Wenn ein Formfehler vorliegt, wird der Antrag afaik mit dem Verweis auf den Formfehler abgelehnt. Das ganze schriftlich mit event. Rechtsmittelbelehrung und Anführung von diversen Paragraphen.

Ich war selber mal vor Arbeitsgericht, wegen ungerechtfertigter Kündigung. (Schweiz)
Bis zu einer Summe von 20000.- sFr. ist das Verfahren kostenlos.
Ich hätte meinen damaligen Ex-Arbeitgeber auf ca. 24000.- sFr. verklagen können. Da aber das Risiko, bei Ablehnung der Klage, die ganzen Prozesskosten zu bezahlen doch ein bischen hoch ist habe ich ihn "nur" auf 18000 .- sFr. verklagt.
Ich war jung und hatte kein Geld. Somit war das finanzielle Risiko für mich zu hoch, mein Recht vollumfänglich in Anspruch zu nehmen.
Dort liegt der Hund begraben.
 
Gorthaur am 30.11.2004 18:27 schrieb:
Loosa am 30.11.2004 17:55 schrieb:
Und zu Fall 2 ... Wahrscheinlich hat er bei seinen Antraegen irgendeinen Formfehler gemacht und durfte deswegen nicht vom Richter verwendet werden?
Naja... egal wie sicher der Fall ist... sich selbstverteidigen ist selten hilfreich.

Wenn ein Formfehler vorliegt, wird der Antrag afaik mit dem Verweis auf den Formfehler abgelehnt. Das ganze schriftlich mit event. Rechtsmittelbelehrung und Anführung von diversen Paragraphen.

Hmm, da kenne ich mich zu wenig aus. Aber Satz 2 zu Punkt 2 stimmt trotzdem ;)

Ich will nicht sagen, dass bei uns alles in Butter ist. schwarz-weiß Gesetze in einer grauen Welt kann nicht perfekt funktionieren.

Wir hatten auch schon einen Fall, wo einer nicht gezahlt hat (hmm, inkl. Insolvenzen waren's mehrere Fälle). Sind auch eine kleine Firma und das hat meinem Chef sicher nicht gut getan. Rechtlich hat er's sehr schnell sein lassen, zwecks Kosten/Nutzen Rechnung. I.O. ist das sicher nicht.
Aber wenn das fehlende Geld eines Auftraggebers, oder die Prozesskosten daraus, den Ruin der Firma bedeuten hatte die auch vorher schon Probleme.

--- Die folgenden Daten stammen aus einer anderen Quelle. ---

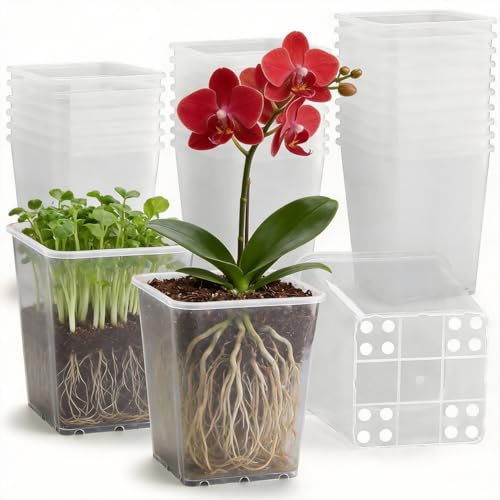 Nursery Pots 6 Inch 40 Pcs, Plastic Seed Starting Pot with Drainage Holes, Sturdy Seedling pots for Planting, Cuttings, Clear - color: Clear, size: 6 Inch-40P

Weniger genaue Gesetze, dafür mehr Spielraum für fähige Richter die aber auch mehr Verantwortung für ihre Rechtssprechung tragen müssten.... das wäre vielleicht ein Ansatz Dinge zu verbessern.
Aber unsere Probleme mit dem Rechte sind nicht so extrem schlecht um sie mit 1933-44 zu vergleichen, selbst wenn es Einzelfälle gemein treffen kann, finde ich sowas sehr blauäugig.
Im Vergleich mit weiter West, Ost und Süd haben wir IMHO ein relativ gerechtes System... uhm, naja noch ;)

Menschen sind nicht perfekt.... wer kann da ein perfektes System erwarten? :|

Immerhin kann dank unserer Gesetze Klage gegen Rumsfeld eingereicht werden *bg* http://www.sueddeutsche.de/ausland/artikel/870/43827/
Die US-Juristen stützen sich bei ihrer Anzeige auf das deutsche Völkerstrafgesetzbuch, wonach Kriegsverbrechen, Verbrechen gegen die Menschlichkeit und Völkermord selbst verfolgt werden können, wenn keine Deutschen daran beteiligte sind und das Vergehen nicht in Deutschland stattfand. „Das deutsche Recht ist an dieser Stelle weltweit führend“, sagte Peter Weiss, der Vize-Präsident der Menschenrechtsgruppe.
 
Trancemaster am 30.11.2004 17:22 schrieb:
Sehr schöne Ausführung über unser Rechtssystem anhand zweier beispiele :top: :top: :top:

Ich stell jetzt einfach mal noch die behauptung in den Raum das wir in einer Plutokratie leben. (Plutokratie = Herrschaft der Reichen)

Begründung? s.o.
 
Trancemaster am 30.11.2004 17:22 schrieb:
Warum nennt man die BRD eigentlich "Rechtsstaat"?

weil die treffendere bezeichnung "unrechtsstaat" bananenrepubliken vorbehalten ist.

Yinzadar am 30.11.2004 21:06 schrieb:
Ich stell jetzt einfach mal noch die behauptung in den Raum das wir in einer Plutokratie leben. (Plutokratie = Herrschaft der Reichen)

ich bin der meinung, wir leben in einer idiotie = herrschaft der schwachsinnigen idioten.